◆ **Problem**
Please write out the final portion of the records below exactly: the line containing "Lilac Multicolour Sequins", every line after it, and nothing else.

◆ **Source material**
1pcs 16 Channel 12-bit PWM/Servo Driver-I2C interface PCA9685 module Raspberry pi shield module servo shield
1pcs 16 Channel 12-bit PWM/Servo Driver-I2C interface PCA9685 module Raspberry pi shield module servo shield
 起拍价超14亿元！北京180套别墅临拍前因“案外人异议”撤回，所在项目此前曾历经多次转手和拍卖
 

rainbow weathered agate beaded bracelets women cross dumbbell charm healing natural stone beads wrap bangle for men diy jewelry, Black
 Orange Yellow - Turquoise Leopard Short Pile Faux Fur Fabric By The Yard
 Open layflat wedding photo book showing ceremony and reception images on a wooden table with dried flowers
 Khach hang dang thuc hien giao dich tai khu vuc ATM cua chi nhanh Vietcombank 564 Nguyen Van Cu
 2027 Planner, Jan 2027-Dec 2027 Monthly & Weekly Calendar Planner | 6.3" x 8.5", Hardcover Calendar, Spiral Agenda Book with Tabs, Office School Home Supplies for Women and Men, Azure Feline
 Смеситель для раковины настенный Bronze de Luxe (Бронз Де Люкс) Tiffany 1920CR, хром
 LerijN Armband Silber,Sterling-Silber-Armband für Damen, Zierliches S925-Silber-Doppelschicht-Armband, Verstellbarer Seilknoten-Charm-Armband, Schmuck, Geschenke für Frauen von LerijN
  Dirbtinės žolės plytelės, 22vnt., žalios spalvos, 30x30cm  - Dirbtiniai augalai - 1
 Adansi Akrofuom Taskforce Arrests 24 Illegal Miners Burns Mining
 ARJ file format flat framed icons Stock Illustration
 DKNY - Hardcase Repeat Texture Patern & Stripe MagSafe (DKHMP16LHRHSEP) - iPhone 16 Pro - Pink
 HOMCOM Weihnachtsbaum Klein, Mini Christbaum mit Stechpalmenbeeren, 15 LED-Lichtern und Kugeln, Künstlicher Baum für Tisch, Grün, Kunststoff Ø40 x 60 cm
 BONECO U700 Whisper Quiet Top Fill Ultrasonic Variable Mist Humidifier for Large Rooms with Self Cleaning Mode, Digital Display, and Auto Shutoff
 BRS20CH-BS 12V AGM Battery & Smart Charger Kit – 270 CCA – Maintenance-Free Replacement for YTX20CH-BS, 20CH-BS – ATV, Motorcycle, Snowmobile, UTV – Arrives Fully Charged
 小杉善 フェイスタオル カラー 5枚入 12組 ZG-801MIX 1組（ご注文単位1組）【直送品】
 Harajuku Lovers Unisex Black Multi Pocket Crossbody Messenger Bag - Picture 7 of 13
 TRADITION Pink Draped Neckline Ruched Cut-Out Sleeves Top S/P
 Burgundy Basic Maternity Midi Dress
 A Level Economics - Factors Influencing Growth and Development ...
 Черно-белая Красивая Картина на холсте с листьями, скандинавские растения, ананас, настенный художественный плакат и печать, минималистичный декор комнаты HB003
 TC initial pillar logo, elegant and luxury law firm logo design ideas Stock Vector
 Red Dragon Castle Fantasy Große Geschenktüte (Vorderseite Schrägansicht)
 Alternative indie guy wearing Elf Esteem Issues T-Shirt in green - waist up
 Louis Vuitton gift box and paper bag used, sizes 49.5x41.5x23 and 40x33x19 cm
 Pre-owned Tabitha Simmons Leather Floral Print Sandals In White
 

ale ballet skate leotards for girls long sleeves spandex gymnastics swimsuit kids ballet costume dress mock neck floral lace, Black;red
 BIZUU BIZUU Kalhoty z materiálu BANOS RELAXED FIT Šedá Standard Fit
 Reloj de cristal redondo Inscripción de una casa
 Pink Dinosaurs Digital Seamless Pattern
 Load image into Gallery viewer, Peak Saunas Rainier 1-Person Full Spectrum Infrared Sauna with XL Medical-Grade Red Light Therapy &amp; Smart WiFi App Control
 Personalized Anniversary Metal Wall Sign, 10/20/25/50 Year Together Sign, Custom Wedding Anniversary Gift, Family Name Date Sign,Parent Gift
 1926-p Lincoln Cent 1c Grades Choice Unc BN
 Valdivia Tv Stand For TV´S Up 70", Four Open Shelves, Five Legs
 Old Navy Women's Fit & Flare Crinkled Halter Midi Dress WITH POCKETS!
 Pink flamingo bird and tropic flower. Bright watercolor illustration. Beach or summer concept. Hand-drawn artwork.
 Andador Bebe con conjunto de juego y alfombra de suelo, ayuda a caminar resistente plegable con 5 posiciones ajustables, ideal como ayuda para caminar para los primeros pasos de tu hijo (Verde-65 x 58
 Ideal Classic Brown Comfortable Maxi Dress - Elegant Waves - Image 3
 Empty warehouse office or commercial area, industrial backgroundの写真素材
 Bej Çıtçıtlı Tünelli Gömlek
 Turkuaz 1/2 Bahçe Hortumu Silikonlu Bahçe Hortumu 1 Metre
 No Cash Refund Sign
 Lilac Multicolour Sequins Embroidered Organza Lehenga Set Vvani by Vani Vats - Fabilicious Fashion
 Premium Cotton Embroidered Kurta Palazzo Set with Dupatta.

◆ **The answer**
 Lilac Multicolour Sequins Embroidered Organza Lehenga Set Vvani by Vani Vats - Fabilicious Fashion
 Premium Cotton Embroidered Kurta Palazzo Set with Dupatta.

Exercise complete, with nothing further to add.